The foregoing review attests to the multidimensionality of pain. Pain is a biopsychosocial experience that goes well beyond mere nociception. In this regard, identification of the physical pathology at the site of injury is necessary but not sufficient to explicate the complex process by which somatosensory information is transformed into the physiological, cognitive, affective, and behavioral response labeled as pain. Indeed, in the case of chronic low back pain, the magnitude of tissue damage may be out of proportion to the reported pain experience, there may be no remaining structural impairment, and physical signs that have a predominantly nonorganic basis are likely to be present. In this and other chronic conditions, to consider such pain as malingering or somatization would be to grossly oversimplify the matter.

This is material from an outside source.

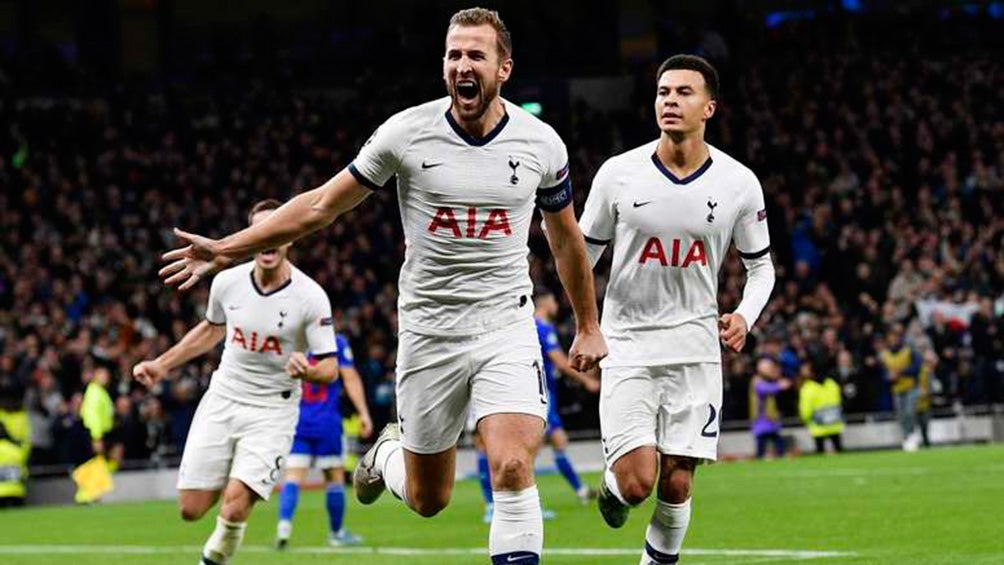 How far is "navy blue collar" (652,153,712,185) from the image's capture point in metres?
11.0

Pain, whether linked with injured tissue, inflammation, or functional impairment, is mediated by processing in the nervous system. In this sense, all pain is physical. Yet, regardless of its source, pain may result in hypervigilance, threat appraisals, emotional reactions, and avoidant behavior. So in this sense, all pain is psychological. Our nomenclature and nosology struggle to categorize the pain experience, but in the brain, all such categories are moot. Pain is fundamentally and quintessentially a psychophysiological phenomenon.